Fig. 8. Reversal of normal rhythm: Erectile response Basella to gradual fall of temperature.
Fig. 9. Responsive fall of Basella to gradual rise of temperature.
(Dots at intervals of 5 minutes).

movement is, as stated before, 65 minutes as against 50 minutes in the normal diurnal movement. The increase in the latent period is probably due to the added physiological inertia in reversing the normal rhythm.

Effect of rise of temperature: Experiment 9.—The temperature was raised through 5°C at the second turning point at 1 p.m. After a latent period of 50 minutes the plant began to rise steadily (Fig. 9) thus exhibiting once more the reversal of its normal diurnal movement.

From the experiments described above it will be seen that the movement of the Palm, and of other organs growing at an inclination to the vertical, is brought about by the action of temperature in modifying the geotropic curvature. The ever present tendency of geotropic movement is opposed or helped by the physiological reaction induced by rise and fall of temperature respectively. The state of equilibrium is never permanent, but the dynamic balance is being constantly readjusted under changing conditions of the environment.

The movement of the tree furnishes an example of the negative type of THERMONASTIC MOVEMENT. Parallel phenomena are found in floral organs, where, in the well-known instance of Crocus, the perianth leaves open outwards during rise of temperature and close inwards during the onset of cold. Looked at from above, the opening outwards during rise of temperature is a movement downwards, and therefore belongs to the negative type.
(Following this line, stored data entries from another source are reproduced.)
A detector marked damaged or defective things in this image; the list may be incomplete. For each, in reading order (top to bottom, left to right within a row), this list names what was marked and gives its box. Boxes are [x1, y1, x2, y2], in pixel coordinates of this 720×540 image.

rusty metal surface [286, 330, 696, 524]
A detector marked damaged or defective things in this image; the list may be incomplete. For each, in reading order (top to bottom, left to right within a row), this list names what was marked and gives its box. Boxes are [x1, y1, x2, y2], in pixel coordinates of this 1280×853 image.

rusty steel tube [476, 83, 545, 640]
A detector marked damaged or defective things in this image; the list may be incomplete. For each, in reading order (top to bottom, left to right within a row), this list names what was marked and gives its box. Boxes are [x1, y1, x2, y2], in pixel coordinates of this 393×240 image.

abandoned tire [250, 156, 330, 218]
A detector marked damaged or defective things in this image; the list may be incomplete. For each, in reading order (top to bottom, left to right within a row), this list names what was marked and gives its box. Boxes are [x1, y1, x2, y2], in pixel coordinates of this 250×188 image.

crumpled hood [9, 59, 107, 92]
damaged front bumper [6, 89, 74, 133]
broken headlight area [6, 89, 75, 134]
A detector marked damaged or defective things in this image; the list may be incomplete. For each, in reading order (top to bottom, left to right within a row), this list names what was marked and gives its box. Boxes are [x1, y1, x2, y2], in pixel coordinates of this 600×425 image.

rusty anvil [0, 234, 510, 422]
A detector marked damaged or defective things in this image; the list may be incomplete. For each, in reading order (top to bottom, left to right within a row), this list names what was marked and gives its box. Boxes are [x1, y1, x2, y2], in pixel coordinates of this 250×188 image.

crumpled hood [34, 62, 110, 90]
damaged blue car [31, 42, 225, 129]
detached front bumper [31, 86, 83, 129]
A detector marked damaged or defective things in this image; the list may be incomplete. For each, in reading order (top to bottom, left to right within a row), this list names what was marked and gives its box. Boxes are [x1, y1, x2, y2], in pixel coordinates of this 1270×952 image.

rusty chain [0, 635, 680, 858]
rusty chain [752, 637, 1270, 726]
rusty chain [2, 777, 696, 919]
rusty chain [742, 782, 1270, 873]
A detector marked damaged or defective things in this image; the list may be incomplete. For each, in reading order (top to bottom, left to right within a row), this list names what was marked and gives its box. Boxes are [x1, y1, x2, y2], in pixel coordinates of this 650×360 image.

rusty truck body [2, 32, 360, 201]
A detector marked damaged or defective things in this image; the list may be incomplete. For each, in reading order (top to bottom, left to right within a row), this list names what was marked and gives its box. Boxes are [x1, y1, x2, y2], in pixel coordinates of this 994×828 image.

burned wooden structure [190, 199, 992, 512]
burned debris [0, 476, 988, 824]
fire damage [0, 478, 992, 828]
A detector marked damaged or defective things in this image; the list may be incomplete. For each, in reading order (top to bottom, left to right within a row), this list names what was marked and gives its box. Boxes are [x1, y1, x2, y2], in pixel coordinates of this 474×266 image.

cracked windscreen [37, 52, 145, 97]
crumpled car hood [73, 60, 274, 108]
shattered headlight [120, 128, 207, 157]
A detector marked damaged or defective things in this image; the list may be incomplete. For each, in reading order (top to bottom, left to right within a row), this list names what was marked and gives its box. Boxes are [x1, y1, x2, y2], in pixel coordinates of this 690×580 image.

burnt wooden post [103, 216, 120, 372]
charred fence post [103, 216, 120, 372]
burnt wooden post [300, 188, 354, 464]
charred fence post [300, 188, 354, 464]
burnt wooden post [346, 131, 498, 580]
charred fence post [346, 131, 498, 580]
In such cases the changed rate of growth by variation of temperature is the most important factor in the movement. It may be asked whether all thermonastic movements must necessarily belong to the negative type, where rise of temperature is attended by a movement downwards. I shall in my Paper on "Thermonastic Phenomena" show that there is also a positive type where rise of temperature induces an up-movement or of closure.


SUMMARY.

The 'Praying' Palm of Faridpur, growing at an inclination of about 60° to the vertical, exhibited a diurnal movement by which its head became erected in the morning and depressed towards the afternoon, the outspread leaves pressing against the ground.

The record of the diurnal movement showed that the head was erected to the highest position between 7 and 8 in the morning, after which there was a continuous fall which reached its climax at 3-15 p.m.; after this the movement was reversed and the maximum erection was again reached next morning.

This phenomenon is not unique, but is found exhibited, more or less, by all trees and their branches and leaves.

Diurnal records of temperature, and movement of the tree showed, that the two curves closely resembled each other. Rise of temperature was attended by a fall of the tree, and vice versâ.

The movement is brought about by the physiological action of temperature; it may be arrested by artificially induced physiological depression, and is permanently abolished at death.

The movement is primarily determined by the modifying influence of temperature on geotropic curvature. Rise of temperature is found to oppose or neutralise geotropic curvature, the fall of temperature inducing the opposite effect. The ever present tendency of upwards geotropic movement is opposed or helped by the effects of rise and fall of temperature respectively.

The movement of the "Praying" Palm is a thermonastic phenomenon. The tree, apparently so rigid, responds as a gigantic pulvinoid to the changes of its environment.

 

  1. See also Bose—Diurnal Variation of Moto-Excitability in Mimosa—Annals of Botany, Vol. XXVII, No. CVIII, October, 1913.
  2. Bose—"Irritability of Plants," d. 60
  3. Vines.—'Physiology of Plants,' 1886, pp. 405 and 543.